Face painting as an activity does not allow for social distancing. 

As such is not allowed by the current TN Executive Order No. 30 prohibits participation in social or recreational gatherings of ten (10) or more people. Such prohibited social and recreational gatherings include, but are not limited to, festivals, fairs, parades, youth and adult sporting events, overnight summer youth camps, and other types of social or recreational assemblies or gatherings.

Due to the nature of close contact personal services, an abundance of caution should be exercised to mitigate or prevent exposure to COVID-19. Persons who are more vulnerable or at-risk for COVID-19 as identified by the CDC — including those who are over the age of 65 or those who have severe underlying medical conditions — should take extra precaution or refrain from using close contact personal services during Phase 1 of re-opening.
 

Safeguarding Guidance

In addition to strict adherence to CDC guidelines, the State recommends all providers of close contact personal services implement an assortment of measures to protect consumers and employees.
 

Employee Protection

  • Screen all employees reporting to work for COVID-19 symptoms with the following questions:
    • Have you been in close contact with a confirmed case of COVID-19?
    • Are you experiencing a cough, shortness of breath or sore throat?
    • Have you had a fever in the last 48 hours?
    • Have you had new loss of taste or smell?
    • Have you had vomiting or diarrhea in the last 24 hours?
  • Temperature screening employees:
    • Best practice: employers to take temperatures onsite with a no-touch thermometer each day upon arrival at work
    • Minimum: temperatures can be taken and logged before arrival. Normal temperature should not exceed 100.4 degrees Fahrenheit
  • Practice recommended social distancing to the greatest extent possible— “Further is safer”
  • Employees should increase hygiene practices—wash hands more frequently, avoid touching face, practice good respiratory etiquette when coughing or sneezing. Change any protective garments on a regular basis and sanitize reusable garments such as aprons or smocks at least once per day.
  • All employees should stay home if feeling ill, report any symptoms of illness to supervisor and require notification of COVID-19 positive case in employee’s household.
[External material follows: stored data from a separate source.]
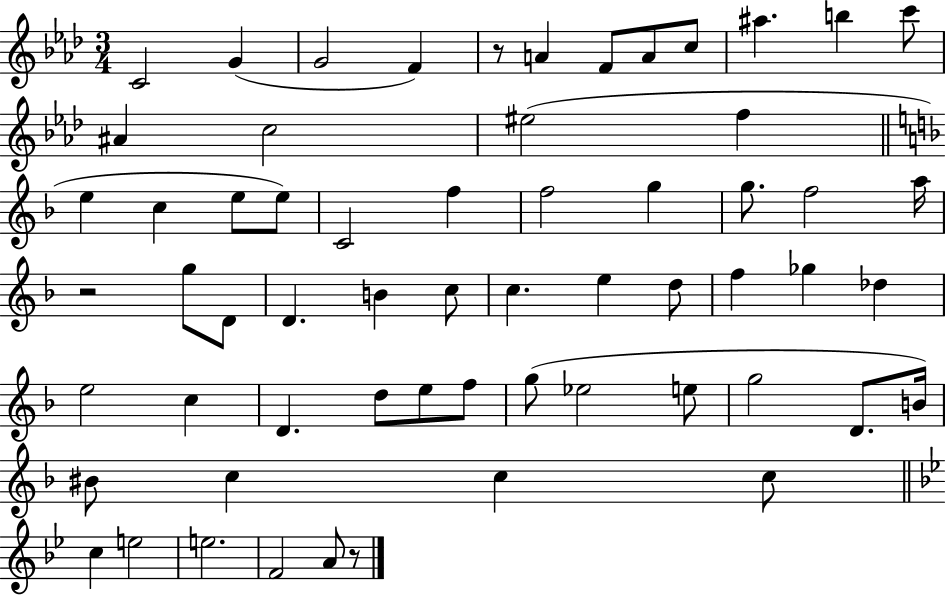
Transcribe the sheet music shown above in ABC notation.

X:1
T:Untitled
M:3/4
L:1/4
K:Ab
C2 G G2 F z/2 A F/2 A/2 c/2 ^a b c'/2 ^A c2 ^e2 f e c e/2 e/2 C2 f f2 g g/2 f2 a/4 z2 g/2 D/2 D B c/2 c e d/2 f _g _d e2 c D d/2 e/2 f/2 g/2 _e2 e/2 g2 D/2 B/4 ^B/2 c c c/2 c e2 e2 F2 A/2 z/2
Employees who are particularly vulnerable to COVID-19 according to the CDC (e.g., due to age or severe underlying medical conditions) are encouraged to stay home
  • Direct any employee who exhibits COVID-19 symptoms (i.e., answers yes to any of the screening questions or who is running a fever) to leave the premises immediately and seek medical care and/or COVID-19 testing, per Tennessee Department of Health and CDC guidelines. Employers should maintain the confidentiality of employee health information.
  • Employers should provide training, educational materials, and reinforcement on proper sanitation, handwashing, cough and sneeze etiquette, use of PPE, and other protective behaviors to their employees on a regular basis
  • Employees should wear a cloth face covering (not N-95 or medical masks, which should be reserved for healthcare workers) and other personal protection items as recommended by the CDC; if masks become wet or visibly dirty, the mask should be replaced
  • All employees should wash hands between serving each customer, and more frequently as necessary. If appropriate for the service provided, gloves are recommended and should be discarded after each customer. The use of gloves should not be considered a replacement for frequent handwashing
  • Consider designated staff to be tasked with maintaining heightened sanitization efforts
  • Post extensive signage regarding increased cleaning, sanitization, and hygiene practices
  • Perform regular disinfection of high-touch surface areas (e.g., door handles, counter space, light switches, tools and instruments) at least every two hours and when visibly dirty
     

Consumer Protection

  • Do not offer any self-serve food or beverages. Temporarily close water fountains. Encourage users to provide their own water
  • Prohibit congregating in break rooms, check-in counters
  • Customers should wear a cloth face covering at all times while in the premises (not N-95 or medical masks, which should be reserved for healthcare workers) and as recommended by the CDC and executive order of the governor. Use other personal protection items as recommended by the CDC
  • Services that require removing face coverings (e.g., beard shaving/trimming, facials, etc.) are not permitted in Phase 1
    • For massage, prone positions could be uncomfortable or dangerous for clients who are wearing face coverings. Accordingly, massage professionals may consider other appropriate precautions such as draping a client’s head and face cradle cover with a thin cotton pillowcase. Otherwise, a face covering should be worn during portions of treatment in which the client is not prone or facedown
  • Screen customers for illness upon their entry into the premises:
    • Best practice: Temperature checks for every customer. Customers with temperatures above 100.4 degrees Fahrenheit should not be permitted in the premises
    • Minimum: Question customers regarding COVID-19 symptoms
      • Have you been in close contact with a confirmed case of COVID-19?
      • Are you experiencing a cough, shortness of breath, or sore throat?
      • Have you had a fever in the last 48 hours?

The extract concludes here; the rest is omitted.